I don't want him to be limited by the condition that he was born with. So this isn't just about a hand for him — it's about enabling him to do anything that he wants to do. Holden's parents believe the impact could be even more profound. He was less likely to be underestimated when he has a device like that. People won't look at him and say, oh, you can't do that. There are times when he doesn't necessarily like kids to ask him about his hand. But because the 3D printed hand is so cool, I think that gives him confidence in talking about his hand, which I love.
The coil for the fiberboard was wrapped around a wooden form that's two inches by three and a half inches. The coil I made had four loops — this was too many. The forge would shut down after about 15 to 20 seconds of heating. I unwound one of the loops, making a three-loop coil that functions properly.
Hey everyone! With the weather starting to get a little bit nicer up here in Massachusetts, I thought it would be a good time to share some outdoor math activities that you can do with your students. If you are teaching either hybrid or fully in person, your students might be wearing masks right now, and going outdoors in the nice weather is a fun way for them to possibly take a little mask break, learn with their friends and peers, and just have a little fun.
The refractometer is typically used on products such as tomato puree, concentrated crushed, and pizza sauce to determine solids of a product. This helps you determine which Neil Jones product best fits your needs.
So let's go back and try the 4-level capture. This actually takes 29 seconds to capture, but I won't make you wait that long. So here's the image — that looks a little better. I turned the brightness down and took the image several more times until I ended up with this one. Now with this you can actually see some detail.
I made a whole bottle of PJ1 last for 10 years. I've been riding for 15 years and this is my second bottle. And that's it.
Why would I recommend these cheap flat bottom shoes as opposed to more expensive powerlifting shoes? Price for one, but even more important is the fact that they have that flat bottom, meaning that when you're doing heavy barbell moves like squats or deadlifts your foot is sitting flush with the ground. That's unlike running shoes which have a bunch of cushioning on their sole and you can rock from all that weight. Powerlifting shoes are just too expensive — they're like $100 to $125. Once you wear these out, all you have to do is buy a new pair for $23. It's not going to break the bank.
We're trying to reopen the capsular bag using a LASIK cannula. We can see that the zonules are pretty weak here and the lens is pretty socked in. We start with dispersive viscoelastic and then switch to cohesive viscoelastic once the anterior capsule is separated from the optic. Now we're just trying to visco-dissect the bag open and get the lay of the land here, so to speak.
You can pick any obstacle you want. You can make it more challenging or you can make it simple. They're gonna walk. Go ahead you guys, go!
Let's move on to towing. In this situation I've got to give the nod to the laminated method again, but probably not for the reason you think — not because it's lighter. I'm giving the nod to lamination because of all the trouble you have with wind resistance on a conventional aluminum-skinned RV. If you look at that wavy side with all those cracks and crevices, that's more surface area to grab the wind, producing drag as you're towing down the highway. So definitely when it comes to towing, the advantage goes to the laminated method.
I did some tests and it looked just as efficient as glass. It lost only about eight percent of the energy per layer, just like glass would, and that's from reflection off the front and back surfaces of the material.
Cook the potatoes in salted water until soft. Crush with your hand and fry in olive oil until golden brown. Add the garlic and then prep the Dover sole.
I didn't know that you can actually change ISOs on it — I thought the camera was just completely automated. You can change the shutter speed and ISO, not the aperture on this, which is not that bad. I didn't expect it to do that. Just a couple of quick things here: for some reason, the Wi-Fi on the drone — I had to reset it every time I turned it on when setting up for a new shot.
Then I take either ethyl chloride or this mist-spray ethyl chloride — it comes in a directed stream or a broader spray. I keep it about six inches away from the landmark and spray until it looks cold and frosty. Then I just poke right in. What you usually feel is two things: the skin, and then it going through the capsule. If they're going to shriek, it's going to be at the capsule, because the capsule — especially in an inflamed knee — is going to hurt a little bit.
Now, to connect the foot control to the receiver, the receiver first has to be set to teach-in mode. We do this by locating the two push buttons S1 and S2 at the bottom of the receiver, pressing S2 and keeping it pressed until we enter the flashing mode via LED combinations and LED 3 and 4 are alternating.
^^^^
- **Work instruction**: Show each line of the material that includes the word "even".

- **Answer box**:
I don't want him to be limited by the condition that he was born with. So this isn't just about a hand for him — it's about enabling him to do anything that he wants to do. Holden's parents believe the impact could be even more profound. He was less likely to be underestimated when he has a device like that. People won't look at him and say, oh, you can't do that. There are times when he doesn't necessarily like kids to ask him about his hand. But because the 3D printed hand is so cool, I think that gives him confidence in talking about his hand, which I love.
Why would I recommend these cheap flat bottom shoes as opposed to more expensive powerlifting shoes? Price for one, but even more important is the fact that they have that flat bottom, meaning that when you're doing heavy barbell moves like squats or deadlifts your foot is sitting flush with the ground. That's unlike running shoes which have a bunch of cushioning on their sole and you can rock from all that weight. Powerlifting shoes are just too expensive — they're like $100 to $125. Once you wear these out, all you have to do is buy a new pair for $23. It's not going to break the bank.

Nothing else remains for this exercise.